You don’t have to be a customer of Gaultier or Givenchy to wear stylish clothes. You don’t even have to shop within a mile’s radius of legendary Rue de Faubourg St-Honoré to dress well. Many Metro stations have unassuming little shops selling clothes, which are every bit as stylish as those at coveted addresses. The only drawback is that they may not be inexpensive: very little in Paris is. There are many cities that excel in tourist trash – inexpensive collectibles for the not-so-discerning. Paris is not one of them.

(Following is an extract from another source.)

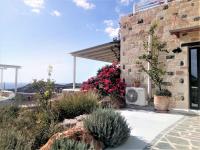 Villa Anasa - Sea view & Private pool - Chambres d’hôtes Plakiás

I looked around frantically for gifts that were within my slender means – a succession of metro tickets, taxis, espressos at pavement cafes and museum entry tickets saw the Euros disappearing from my wallet at a fearsomely high rate. In not-too-inexpensive Switzerland, dinky prototypes of cowbells make winsome key-chains and rear-view mirror danglers. In Holland, thinking up cutesy ways with Delft pottery is a national pastime. In France, the best I could do was to buy key-chains of the Eiffel Tower from an army of Senegalese vendors who swarmed the Left Bank. Maybe I just looked in the wrong places, but except for a couple of shops not far from Notre Dame, there were no lurid T-shirts, aprons or kitchen towels with the words ‘I love Paris’.
There were compensations however. There was scarcely an area of the city that did not boast of at least one gourmet shop. Some specialized in chocolate bon-bons, others in pastries and still others in farmhouse cheeses, breads and pates. Neighbourhood general merchant stores were a quarter-full with wines. As basic a commodity as bottled water came in dozens of different specifications: with bubbles and without; mineral, plain, sweetened or astringent. Outside, wild mushrooms and lush tomatoes in seemingly artless piles beckoned the customer.
Paris does have its gloomy side, as I’m still finding out. I feel aggrieved when flowers don’t smell the glorious way they do in Paris. I’ve resigned myself to giving up cheese – authentic French cheese made with unpasteurized milk is unlikely to find its way to our shores. And I’ve learnt that just because a product is called chocolate, doesn’t mean that it actually is.
Finding your feet in 5 steps
1. You’ll need one day to visit the area on both sides of the Seine between Notre Dame and Eiffel Tower. You can take a boat ride one way and break journey at as many outdoor cafes as you can, because this must-see, must-do circuit is nothing if not tiring.
2. Much shorter is the Place de la Concorde-Champs Elysées-Rue Faubourg St Honoré circuit. You run the risk of not seeing a local face in Champs Elysées – it’s so touristy.
3. Visiting museums is a quintessentially Paris thing to do. If you aren’t at all culturally inclined, drag yourself around any section of the Louvre just to be able to say you’ve been there.
4. Spend the flight to Paris gainfully employed: learn ten phrases like S’il vous plait (excuse me) and Ou est…? (where is?) When you want to ask for directions, find a younger person – they’re more likely to speak English. Prefacing your English with a few words in French (Bonjour, Bonsoir) will go miles.
5. As a very rough guide, Euros 120 will get you a strictly no-frills room in a dingy but clean hotel in the centre of Paris; Euros 20 will get you a single dish meal in a bistro with one glass of house wine; Euro 5.50 will provide you unlimited travel for one day on the Metro.